Designing a Web Crawler: Production Readiness (SLOs, Observability, Reliability)

SLOs + error budgets

Based on the requirements and SLO targets, key SLO-style targets are:

Availability: 99.5% monthly
Crawl latency: p95 500ms
Freshness: 90% of content < 7 days

From the monitoring and observability plan:

99.5% availability implies an error budget of ~3.6 hours/month.

Practical interpretation:

If we burn the error budget quickly (major outage, persistent backlog), we pause feature work and prioritize reliability fixes.

Observability (metrics/logs/traces; golden signals)

From the monitoring and observability plan, we track the four golden signals:

1) Latency

URL processing p50/p95/p99
Search query p50/p95/p99

2) Traffic

crawl rate (URLs/sec), by type (new vs recrawl vs retries)
queue depth / consumer lag (frontier health)

3) Errors

HTTP 4xx/5xx rates
timeout rates
parse failures
dedup DB error rate

4) Saturation

CPU/memory for crawler nodes
DB CPU/IOPS
Kafka broker disk/network
Elasticsearch heap/GC

Logging:

Structured logs for crawl events (url_id, domain, http_status, duration_ms)
Sampling for high-volume paths

Tracing:

Trace a “URL job” across: dequeue → fetch → parse → dedup → store → index

Reliability patterns (timeouts, retries, circuit breakers, bulkheads)

From the crawler node design:

Timeouts: connect 10s, read 30s
Retries: bounded (e.g., 3)

Add the standard reliability toolkit:

Circuit breakers per domain (stop hammering failing sites)
Bulkheads (limit concurrency per domain and per crawler)
Backpressure (reduce dequeue when downstreams are saturated)
Idempotency for at-least-once delivery (see Part 3)

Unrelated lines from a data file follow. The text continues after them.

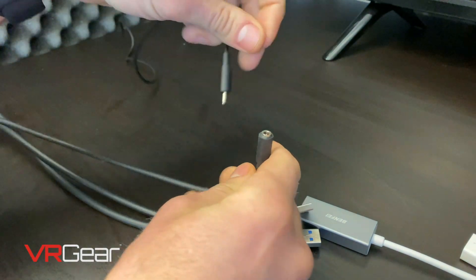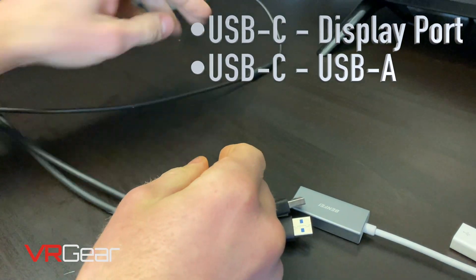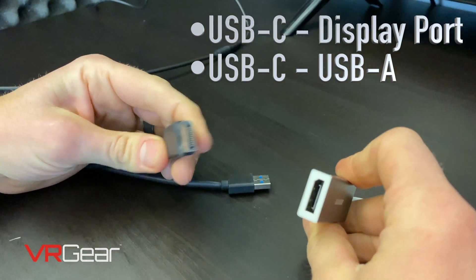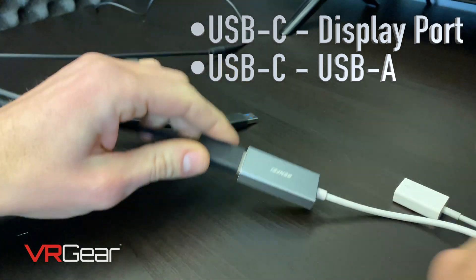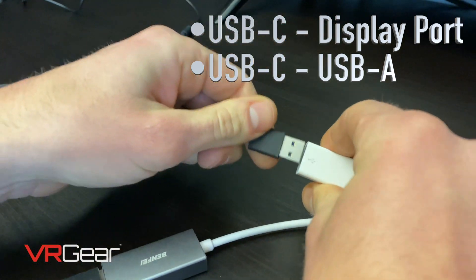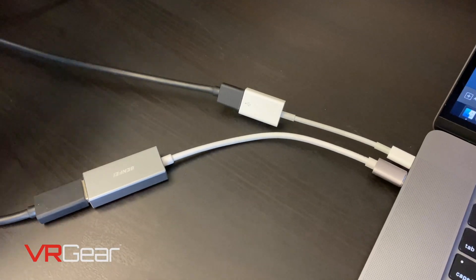We started with Beat Saber and once we got into gameplay, we could not believe what we saw. There is a very simple set of items you'll need when connecting the Valve Index to the MacBook Pro: a USB-C to DisplayPort adapter and a USB-C to USB-A adapter. Outside of that, nothing else is required.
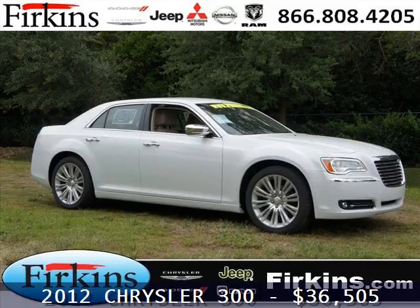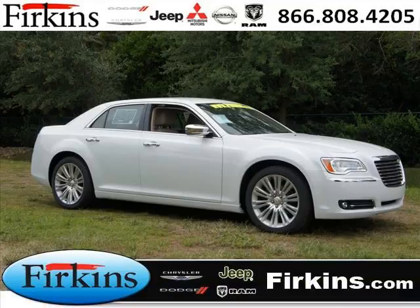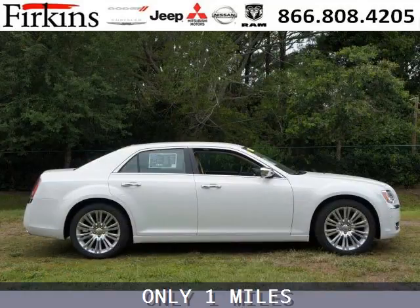Do you want to stretch your purchasing power? Well, take a look at this outstanding 2012 Chrysler 300. This 300 would look so much better with you behind the wheel instead of sitting on our lot.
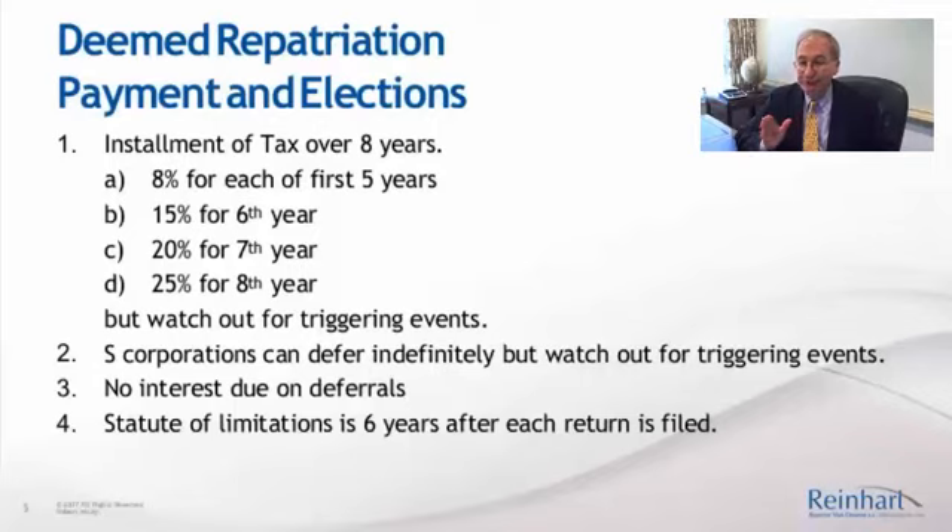On these deferred payments through installments, no interest is due. An interesting issue is what statute of limitations applies. This new Section 965 says a six-year statute of limitations after each return is filed. I have heard that the Commissioner of the IRS is going to provide guidance saying that it's only going to be for the 2017 year return that the six-year statute applies. I think it'll be interesting to see how that plays out, because I think the Commissioner is actually wrong on that point.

Data safety (backups, DR, RTO/RPO)

From the storage design:

Metadata is in sharded Postgres; losing it breaks scheduling and dedup references.
Raw HTML lives in tiered object storage, and can be replicated across regions.

Recommended baseline:

Postgres PITR + regular snapshots
Cross-region replication for the most critical metadata
Clear RTO/RPO targets (interview: pick something realistic like RTO hours, RPO minutes to hours)

Deployments (canary/blue-green, rollbacks, runbooks)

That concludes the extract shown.